Collaboration between foster parents and birth families can have a significant impact in the overall course of placement and/or treatment. When the relationship is respectful, nonjudgmental, and supportive, all parents are able to do a better job in meeting the children’s needs (Werth, 2008). Creating a teaming approach with planned contact between birth and foster parents have shown that children return home sooner, have more stable placements, experience better emotional development and are more successful in school.
Icebreaker meetings or visits represent the first step to integrating the birth family into their child’s life while in out of home care. They provide a structured, first informal meeting early in placement for both foster and birth families to create an atmosphere of “working together”. The concept of teaming is not new, but now it has become a formalized part of the services offered to families. This first meeting or “ice breaker” is a facilitated, child focused meeting held shortly after a child is placed (or replaced) in out-of-home care and lasting not more than thirty minutes. The meeting provides an opportunity for foster parents and birth families to meet each other and to share information about the needs of the child. Thus, the “ice breaker” is a starting point for establishing communication and building a relationship between families (Werth, 2008).
Siskiyou County California: A Committed Partnership between County Agencies and the Court. (begins on page 8)
Superior Court Judge William Davis called together all partners working with child welfare children and families in Siskiyou County to examine how these systems were doing at implementing concurrent planning. The day long convening combined expert-led presentations with smaller breakout sessions on specific topics like case planning, visitation, family finding, older youth permanency and resource families. The group began to lay out a framework and strategies for improving outcomes for children and families in their county.
New Mexico Concurrent Planning: A Guide for Judges, Attorneys, and Others Working with Children & Families (2005)
Designed for judges, attorneys, and others working with children and families in New Mexico, this guide explains concurrent planning in child welfare. It is a process that allows the New Mexico Children, Youth, and Families (CYFD) to provide reunification services to the child and the family at the same time as CYFD works on an alternative plan, such as adoption, permanent guardianship, or placement with a fit and willing relative. It is explains why New Mexico adopted concurrent planning, operating principles of concurrent planning, how cases are selected for concurrent planning and how such homes are established, and the roles of judges, advocates, and youth service workers, in implementing concurrent planning.

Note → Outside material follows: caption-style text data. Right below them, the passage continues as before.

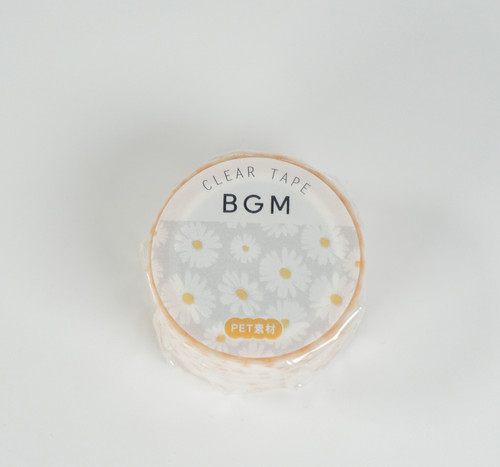 BGM Clear Tape - White Daisy Flower - 20mm packaging close-up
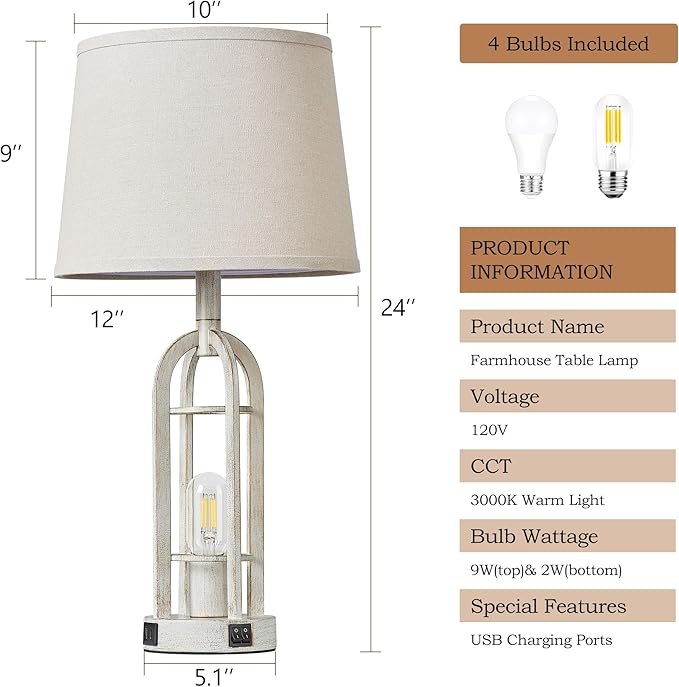 Farmhouse Table Lamps for Living Room Set of 2 - Rustic Industrial Bedside Lamps for Bedroom Nightstand with Nightlight and USB A+C, 4 Bulbs Included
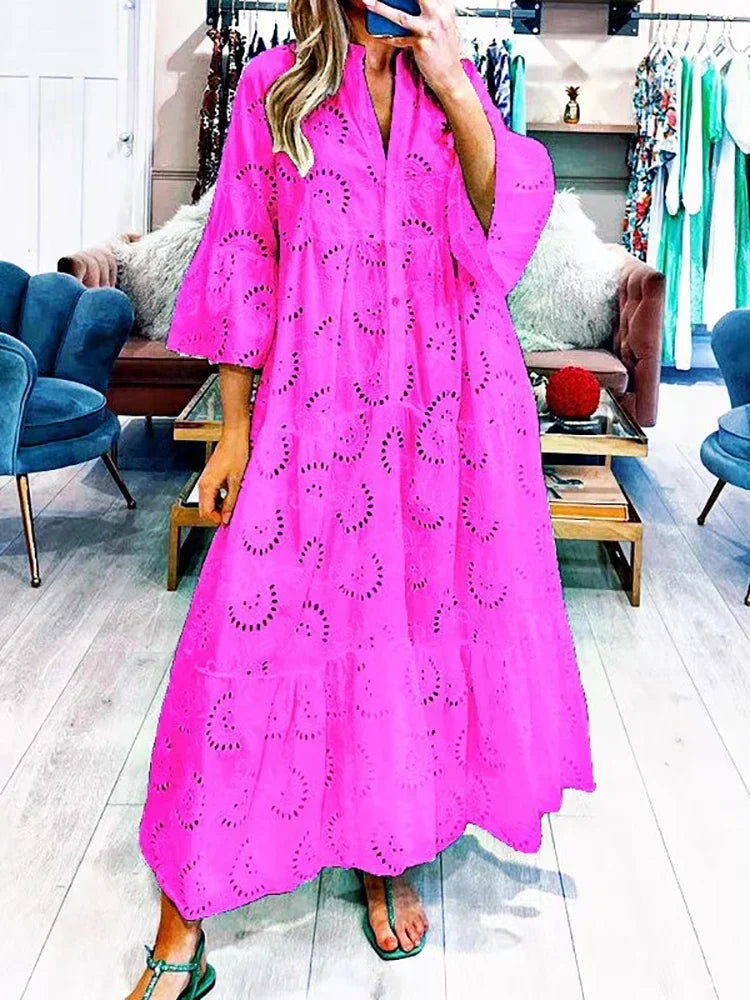 Meilin | Embroidered Maxi Dress - Avery & Hart Boutique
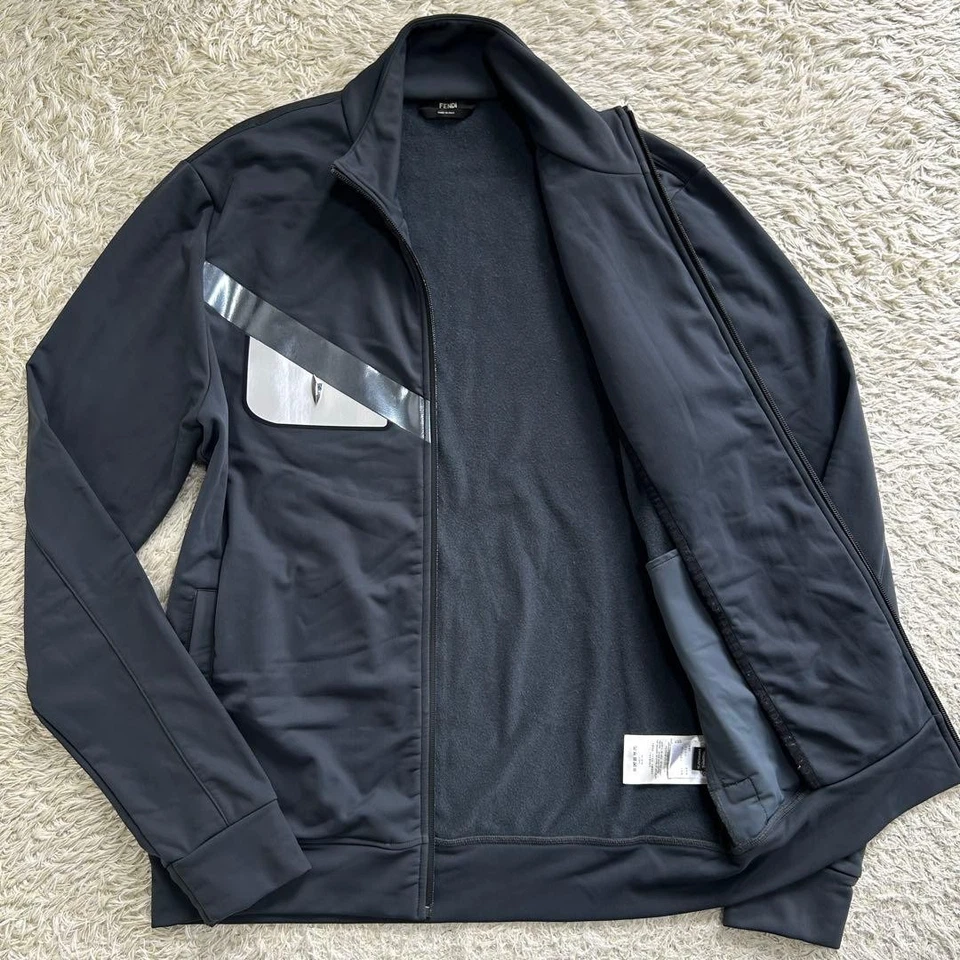 FENDI Monster Bakuzu Eye Track Nylon Jacket Dark Gray Size 50 XL Used From Japan - Image 2 of 4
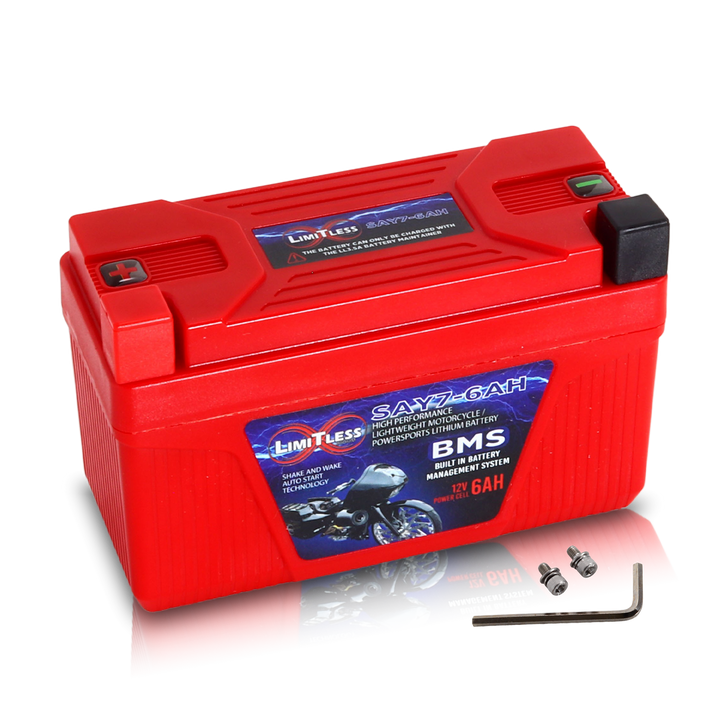 Limitless Lithium Shake Awake 6Ah 12V LiFePO4 Smart Motorcycle Battery (Case Y7) + 3.5A Maintainer (2)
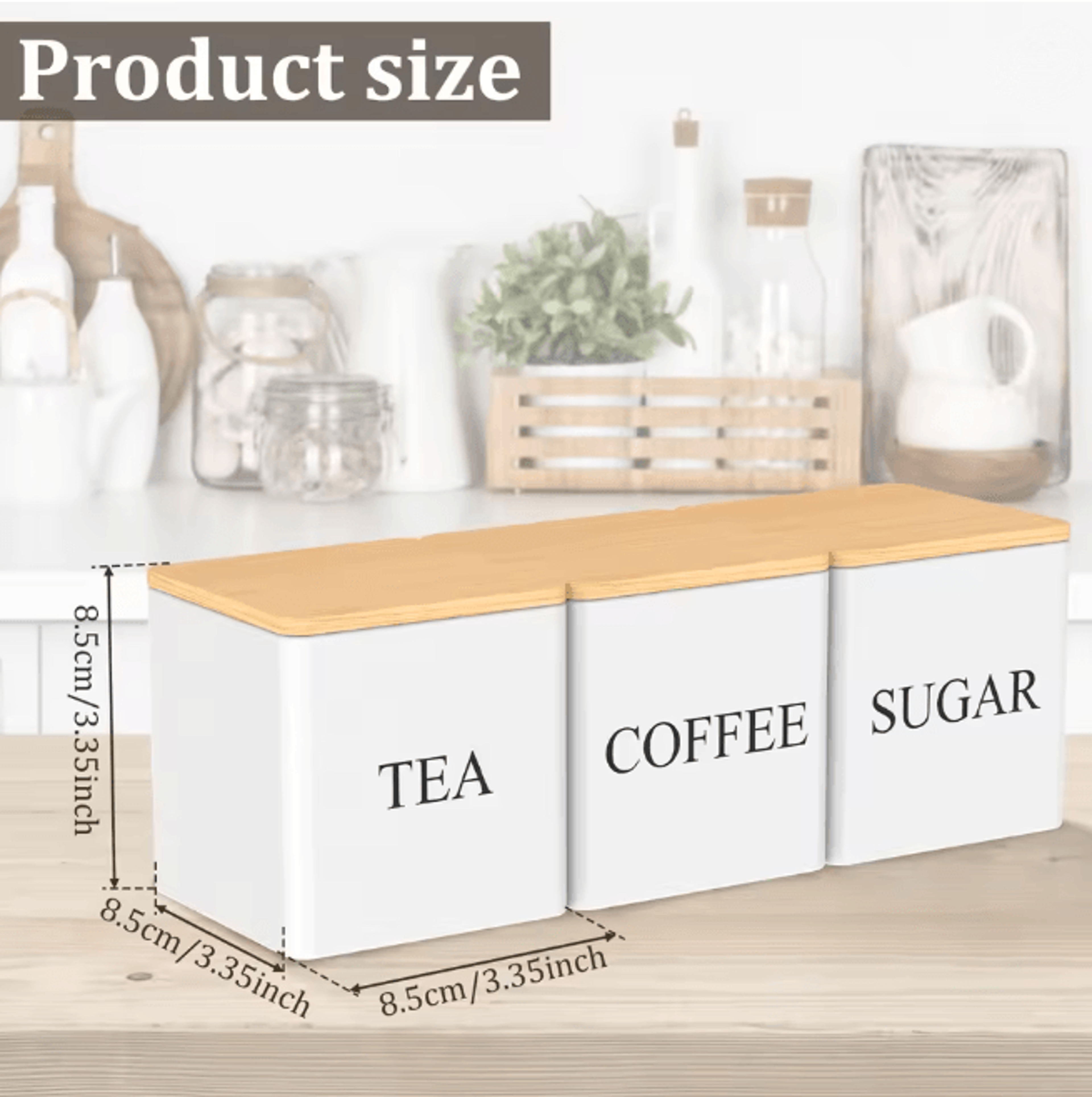 FreshSeal Coffee Storage Canisters Bamboo Lid Metal Kitchen Jar Set 12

Lutheran Community Services Northwest. Making Optimal Use of the Legal Process to Insure Early Permanence for Children. Helps social workers and legal practitioners to understand each other and their respective roles, enabling both to work more closely for the benefit of the child in need. This guidebook provides:
- A clear explanation of basic legal principles
- An outline of social work beliefs
- Different approaches of the two professions
- Recognition of the expertise each profession brings to case planning
- Sample court orders, contracts and written agreements to help in case planning
Available for order ($20.00) at: http://www.lcsnw.org/concurrentplanning/index.html
Additional Resources - Courts: |
Concurrent Planning Hearing Checklist. American Bar Association Center on Children and the Law.
This checklist was part of Mimi Laver’s, Director, Legal Education, ABA Center on Children and the Law presentation on the June 2, 2010 NRCPFC teleconference on concurrent planning.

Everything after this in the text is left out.